- [Listed records]
++++++++

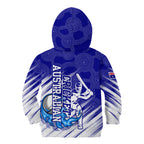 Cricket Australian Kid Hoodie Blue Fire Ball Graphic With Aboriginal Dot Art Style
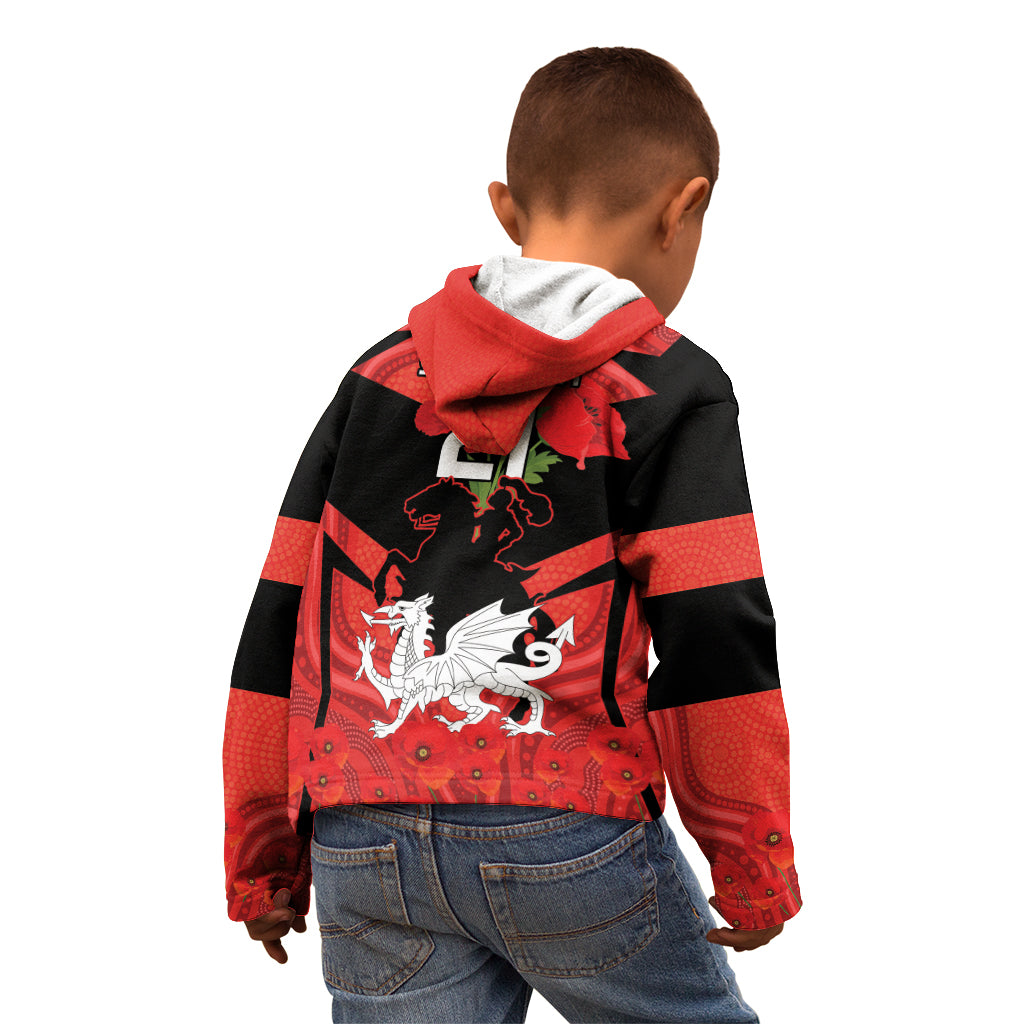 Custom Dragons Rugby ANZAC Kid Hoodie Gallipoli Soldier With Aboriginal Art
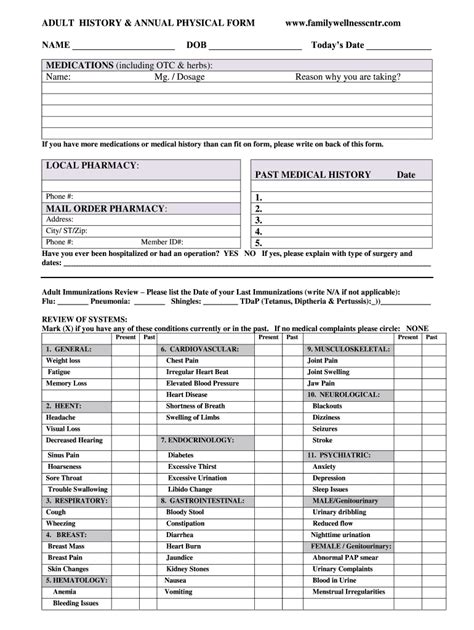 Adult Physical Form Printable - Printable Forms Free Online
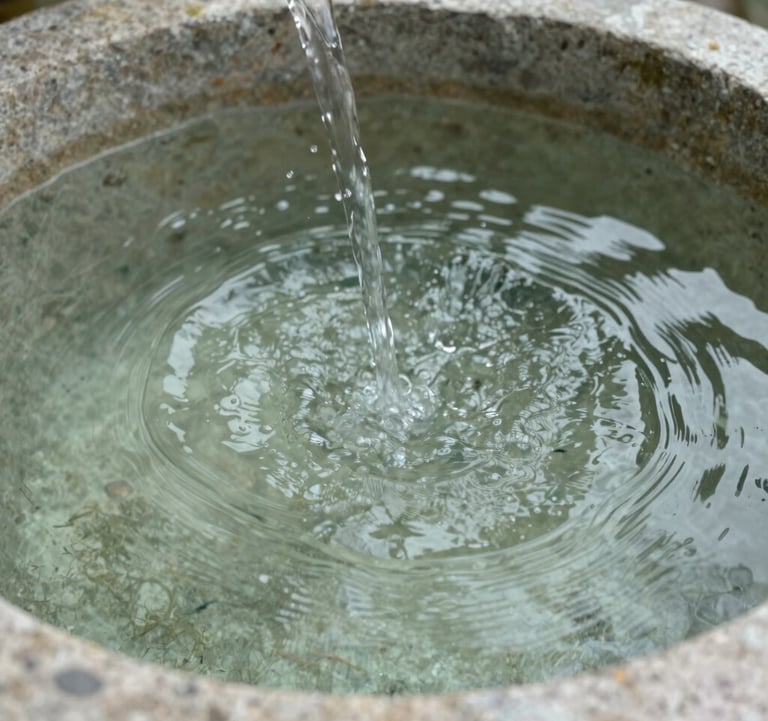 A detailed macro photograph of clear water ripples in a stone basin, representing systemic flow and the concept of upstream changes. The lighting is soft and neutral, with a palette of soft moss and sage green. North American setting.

++++++++

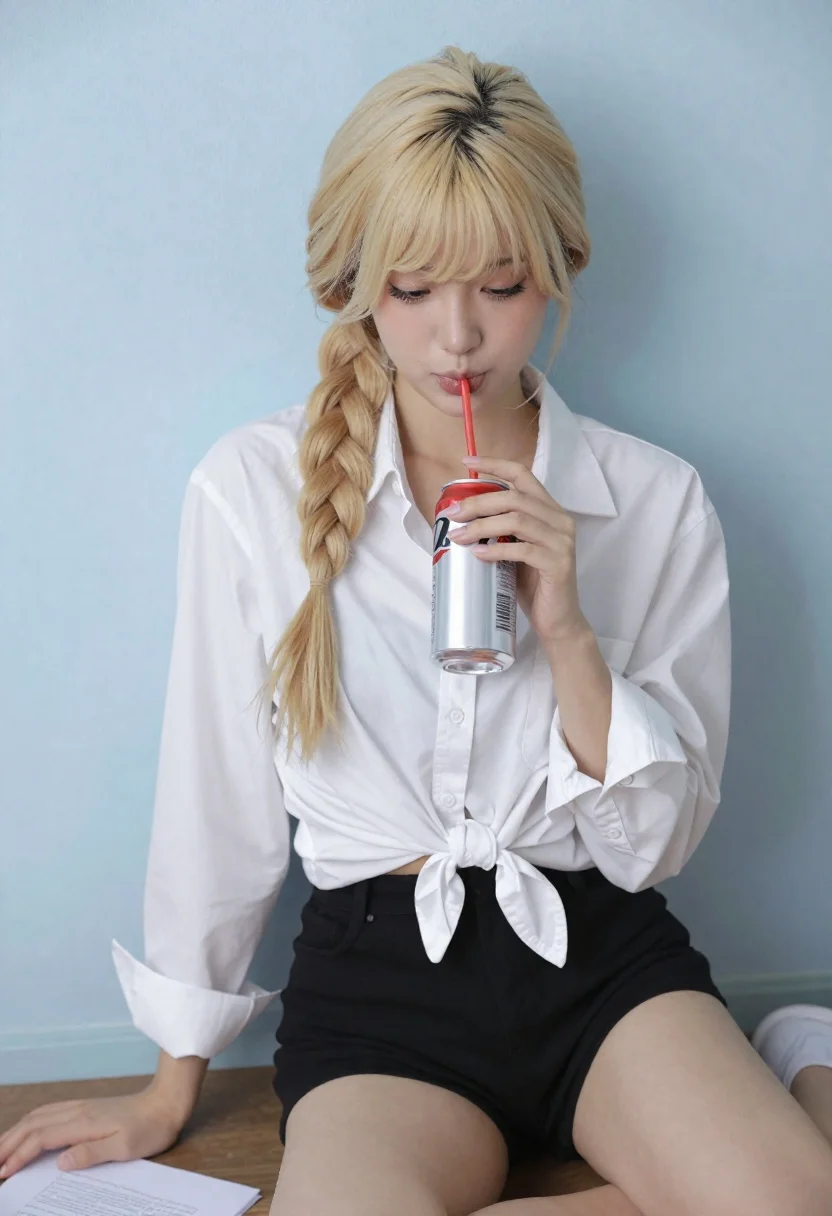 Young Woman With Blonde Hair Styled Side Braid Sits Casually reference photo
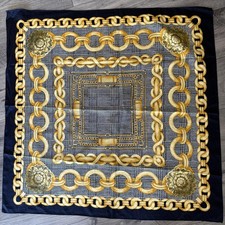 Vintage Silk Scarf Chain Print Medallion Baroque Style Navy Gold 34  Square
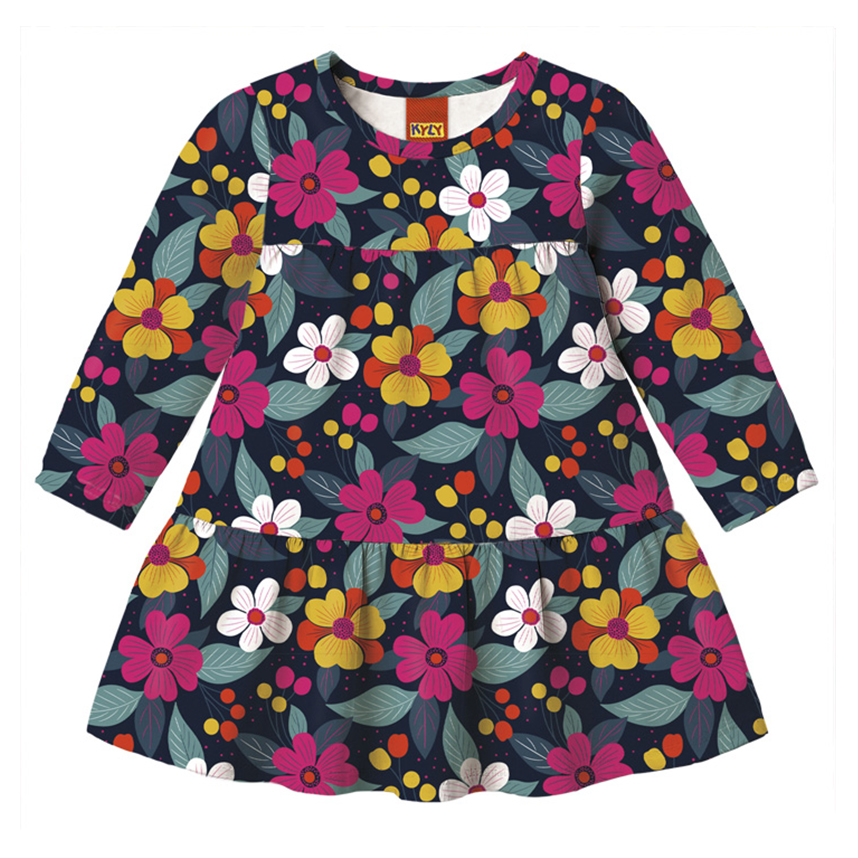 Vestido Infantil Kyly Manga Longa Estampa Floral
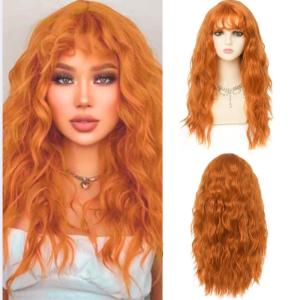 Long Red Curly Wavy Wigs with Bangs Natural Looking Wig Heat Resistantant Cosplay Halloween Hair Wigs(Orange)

++++++++

- [Problem to work on] Return the stretch of data that begins with the line showing "Young Woman With" and goes on through the line showing "Vestido Infantil Kyly", exactly, with pictures removed.

- [Reply to the exercise]
 Young Woman With Blonde Hair Styled Side Braid Sits Casually reference photo
 Vintage Silk Scarf Chain Print Medallion Baroque Style Navy Gold 34  Square
 Vestido Infantil Kyly Manga Longa Estampa Floral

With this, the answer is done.